WHAT IS BEING ASKED => With pictures omitted, restate the data word for word.

INPUT DATA =>

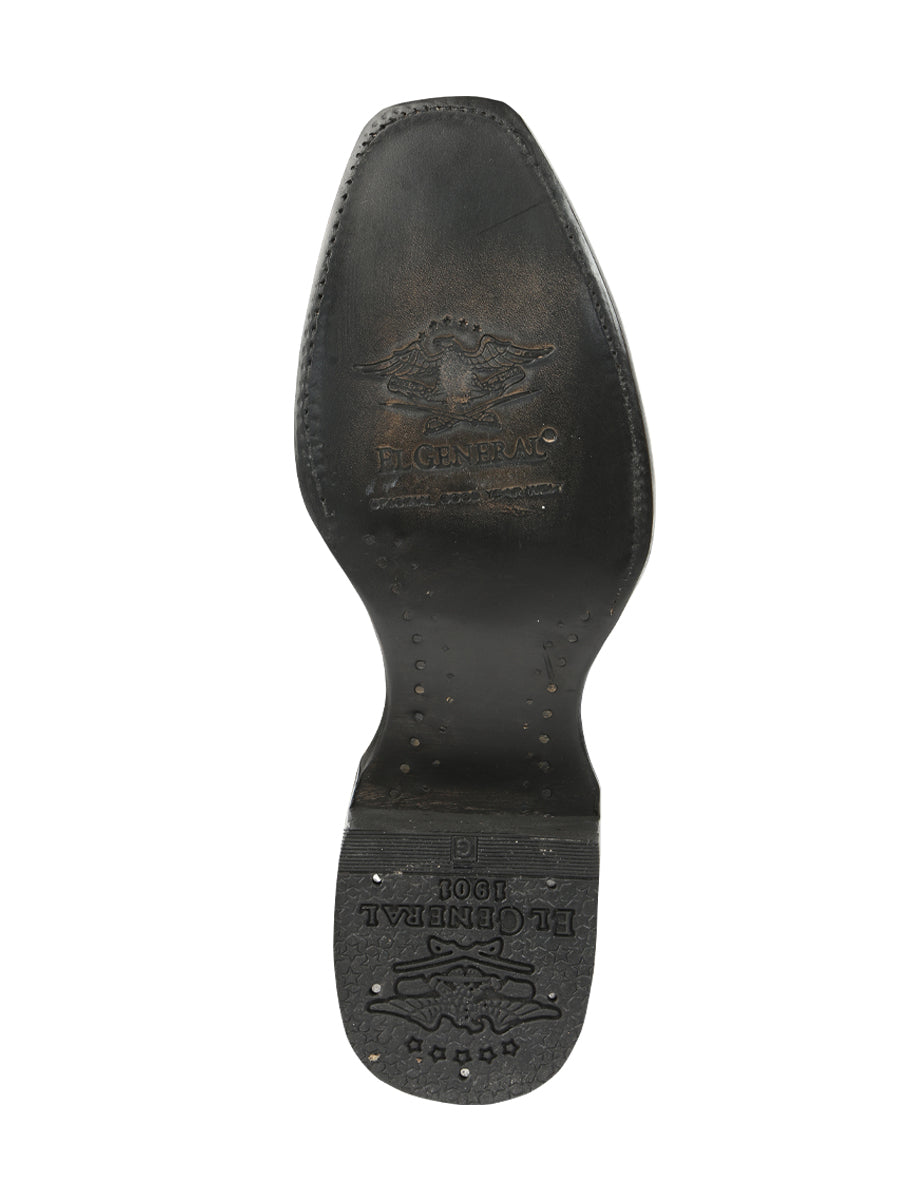 El General Men's Exotic Ostrich Leather Cowboy Boots - Black 45515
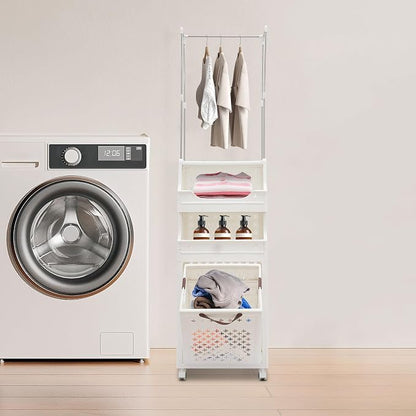 Rolling Laundry Hamper with Hanging Rod, 3-Tier Laundry Hamper Cart with 6 Hooks - Image 4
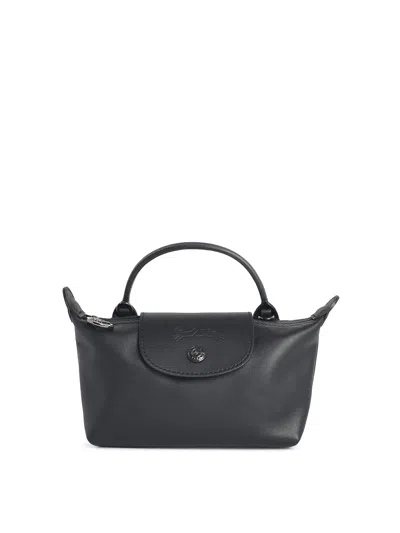Longchamp Xs Le Pliage Xtra Black Leather Clutch Bag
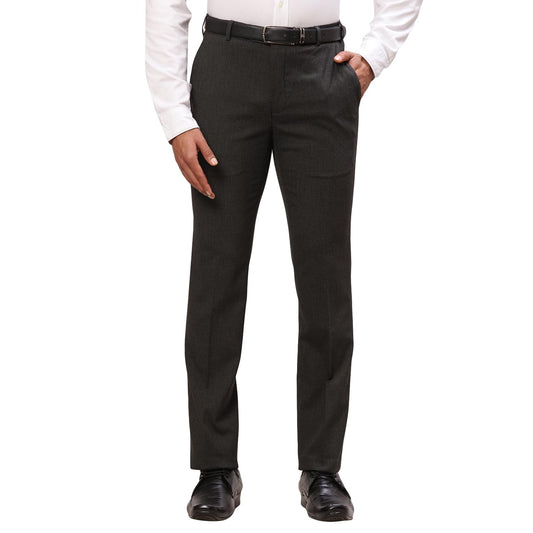 Raymond Men's Slim Fit Structure Pattern Polyester Viscose Blend Flat Front Trouser (Size: 32)-RMTS04706-G8 Dark Grey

SOLUTION FOR THIS TASK =>
 El General Men's Exotic Ostrich Leather Cowboy Boots - Black 45515
 Rolling Laundry Hamper with Hanging Rod, 3-Tier Laundry Hamper Cart with 6 Hooks - Image 4
Longchamp Xs Le Pliage Xtra Black Leather Clutch Bag
 Raymond Men's Slim Fit Structure Pattern Polyester Viscose Blend Flat Front Trouser (Size: 32)-RMTS04706-G8 Dark Grey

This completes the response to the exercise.